-------- Input data --------

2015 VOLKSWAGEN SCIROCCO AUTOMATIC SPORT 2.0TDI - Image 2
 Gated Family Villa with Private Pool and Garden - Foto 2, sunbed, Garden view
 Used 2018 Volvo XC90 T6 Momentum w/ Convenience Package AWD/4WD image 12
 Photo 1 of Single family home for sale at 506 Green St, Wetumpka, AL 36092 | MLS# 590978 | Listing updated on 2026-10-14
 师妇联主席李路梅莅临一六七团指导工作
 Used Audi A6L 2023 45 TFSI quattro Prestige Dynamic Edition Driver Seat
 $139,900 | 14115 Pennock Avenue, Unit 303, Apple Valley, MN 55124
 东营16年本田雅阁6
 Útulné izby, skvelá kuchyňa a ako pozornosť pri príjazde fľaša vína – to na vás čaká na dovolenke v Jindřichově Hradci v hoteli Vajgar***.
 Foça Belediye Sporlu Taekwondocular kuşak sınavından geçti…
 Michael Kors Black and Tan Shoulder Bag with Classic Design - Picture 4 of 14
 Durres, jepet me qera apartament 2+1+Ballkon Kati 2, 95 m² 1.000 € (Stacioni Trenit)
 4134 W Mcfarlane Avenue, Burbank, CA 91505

--------

What this task involves>
The answer must contain only the lines from the one with "Used 2018 Volvo" to the end of the entries above, each written out exactly.

Solution>
 Used 2018 Volvo XC90 T6 Momentum w/ Convenience Package AWD/4WD image 12
 Photo 1 of Single family home for sale at 506 Green St, Wetumpka, AL 36092 | MLS# 590978 | Listing updated on 2026-10-14
 师妇联主席李路梅莅临一六七团指导工作
 Used Audi A6L 2023 45 TFSI quattro Prestige Dynamic Edition Driver Seat
 $139,900 | 14115 Pennock Avenue, Unit 303, Apple Valley, MN 55124
 东营16年本田雅阁6
 Útulné izby, skvelá kuchyňa a ako pozornosť pri príjazde fľaša vína – to na vás čaká na dovolenke v Jindřichově Hradci v hoteli Vajgar***.
 Foça Belediye Sporlu Taekwondocular kuşak sınavından geçti…
 Michael Kors Black and Tan Shoulder Bag with Classic Design - Picture 4 of 14
 Durres, jepet me qera apartament 2+1+Ballkon Kati 2, 95 m² 1.000 € (Stacioni Trenit)
 4134 W Mcfarlane Avenue, Burbank, CA 91505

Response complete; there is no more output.